_Activity_. Word for word, please copy the line containing "Hello and welcome" and all lines after it in the entries below, and only those, leaving every picture out.

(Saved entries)
=== Section Start ===

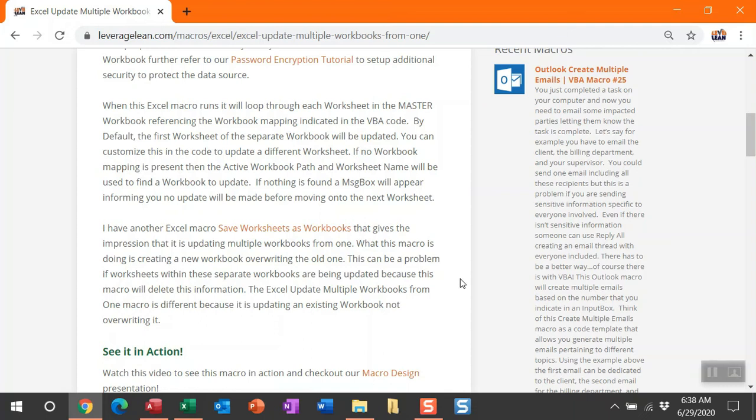Another macro I have out here is save worksheets as workbooks. This may give the impression that it's updating multiple workbooks from one, but really what this macro is doing is overwriting the old one, which can be a big problem if you're working with workbooks that have multiple worksheets. You could potentially delete some information. That is why I highly recommend this Excel update multiple workbooks macro to update existing workbooks not overwrite them.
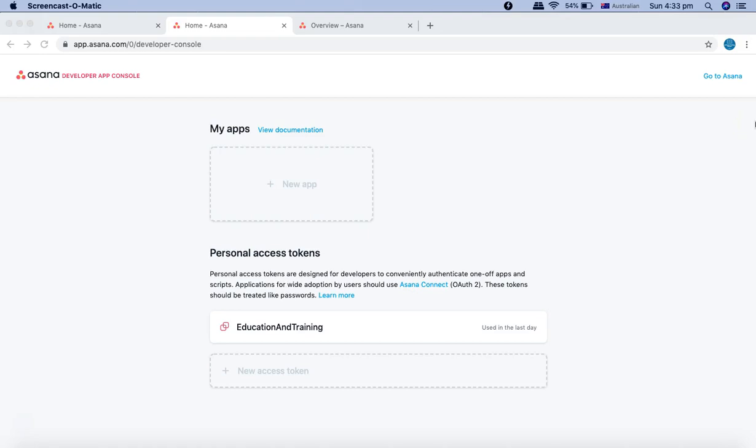Hello and welcome to Katalon API testing tutorial. In this tutorial, we are going to understand how we'll configure the personal access token that we have created in the last tutorial.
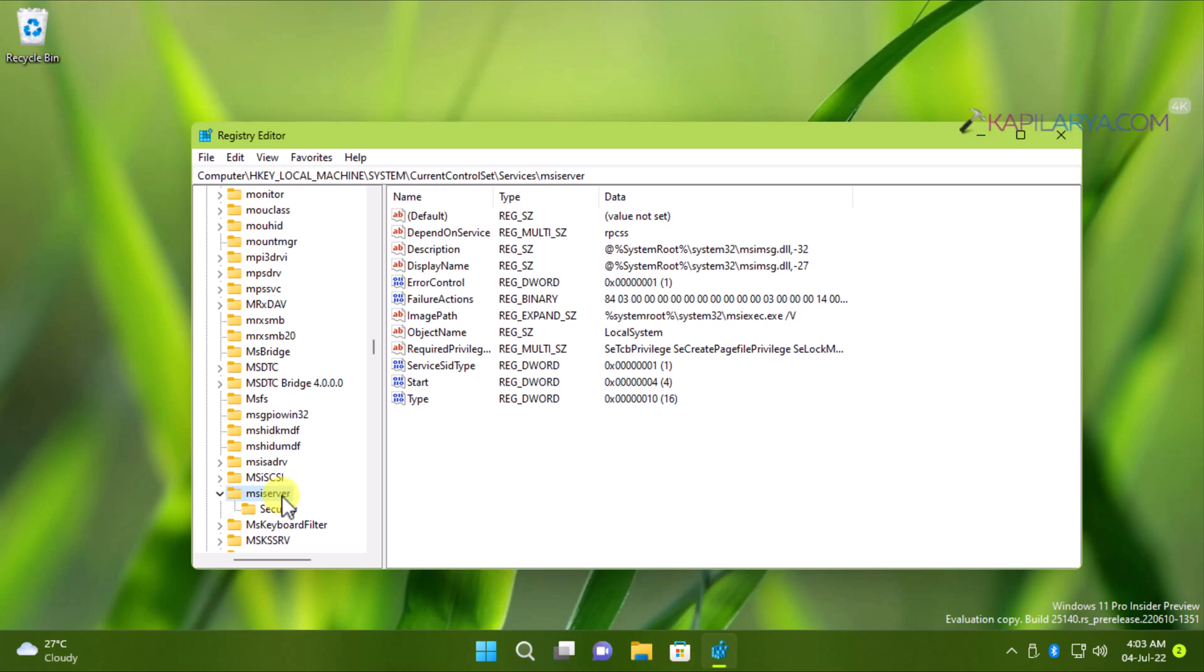So as you have copied the service name, you can locate its registry key. For example, in this case, we have copied the MSI server.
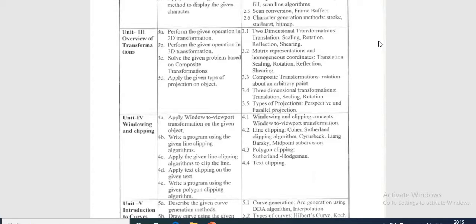The next one is 3.3, composite transformation. Composite transformation means it combines two or more transformations. In that, the rotation about an arbitrary point means to rotate an object about an arbitrary point (x, y), we have to carry out the same steps. By using some steps, we rotate the object about an arbitrary point with x, y coordinate points.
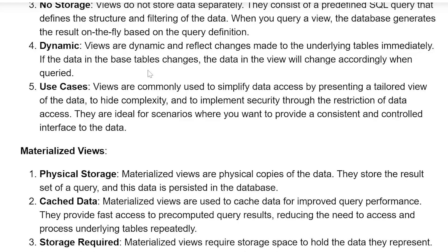Dynamic. Views are dynamic and reflect changes made to the underlying table immediately. If the data in the base table changes, the data in the View will change accordingly when queried.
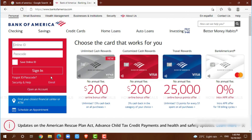This is how you can get logged into your banking account of Bank of America. Hope this video is helpful for you all on how you can get logged in into the online banking account of Bank of America. Thank you!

=== Section End ===

_Response to this exercise_.
Hello and welcome to Katalon API testing tutorial. In this tutorial, we are going to understand how we'll configure the personal access token that we have created in the last tutorial.
So as you have copied the service name, you can locate its registry key. For example, in this case, we have copied the MSI server.
The next one is 3.3, composite transformation. Composite transformation means it combines two or more transformations. In that, the rotation about an arbitrary point means to rotate an object about an arbitrary point (x, y), we have to carry out the same steps. By using some steps, we rotate the object about an arbitrary point with x, y coordinate points.
Dynamic. Views are dynamic and reflect changes made to the underlying table immediately. If the data in the base table changes, the data in the View will change accordingly when queried.
This is how you can get logged into your banking account of Bank of America. Hope this video is helpful for you all on how you can get logged in into the online banking account of Bank of America. Thank you!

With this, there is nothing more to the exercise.